Automatic, Supervised, or Manual: It's hard to categorize because it's not a bot; it's a script that performs a very specific action only when I direct it to, much like Internet Archive Bot. In it's current state it cannot be used to process 100s or 1000s of URLs at a time.
Note: I have been advised by [[User:ferret|@ferret] that because this script writes the changes to Wikipedia without the ability for me to preview changes, it does not meet the criteria for assisted editing.
Programming language(s): Python
Source code available: User:Skarz/WikiLinkChecker
Links to relevant discussions (where appropriate): Discord
Edit period(s): Whenever I run it.
Estimated number of pages affected: ~10 per day
Namespace(s): Mainspace
Exclusion compliant (Yes/No):
Function details:
This Python script is designed to update Wikipedia pages by replacing dead external links with archived versions from the Internet Archive's Wayback Machine. Here's a step-by-step explanation of what the script does:
- User Login: The script prompts the user to enter their Wikipedia username and password to log in to the English Wikipedia.
- Page Selection: The user is prompted to enter the name of the Wikipedia page or its URL. The script extracts the page name from the URL if a URL is provided.
- Page Content Retrieval: The script retrieves the content of the specified Wikipedia page.
- Link Extraction: The script extracts all external links from the page content. It specifically looks for links within {{cite web}} templates and <ref> tags.

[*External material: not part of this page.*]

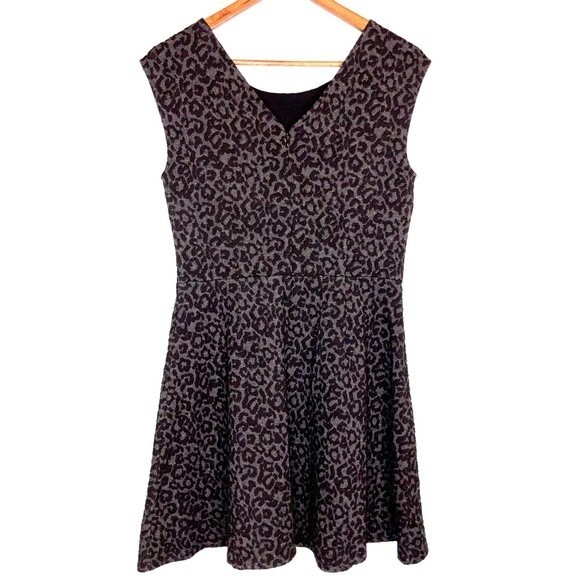 Loft Black Grey Animal Print Fit & Flare Mini Dress Size 4 - Picture 2 of 6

- Link Checking and Updating:
- For each extracted link, the script checks if the link is alive by sending a HEAD request.
- If the link is dead, the script checks if there is an archived version available on the Wayback Machine.
- If an archived version is available, the script updates the reference in the page content with the archive URL and the archive date.
- Page Update: The script saves the updated page content to Wikipedia with a summary indicating that dead links have been updated with archive URLs.
- Output: The script prints a message indicating that the Wikipedia page has been updated.
Limitations and Safeguards:
- User Authentication: The script requires a valid Wikipedia username and password, limiting its use to authenticated users.
- Edit Summary: The script provides an edit summary for transparency, allowing other Wikipedia editors to review the changes.
- Rate Limiting: Wikipedia has rate limits and abuse filters in place to prevent automated scripts from making too many requests or disruptive edits.
- Error Handling: The script checks for errors when making web requests and accessing the Wayback Machine, preventing it from continuing with invalid data.
- No Automatic Deletion: The script does not delete any content; it only updates dead links with archived versions, reducing the risk of unintended content removal.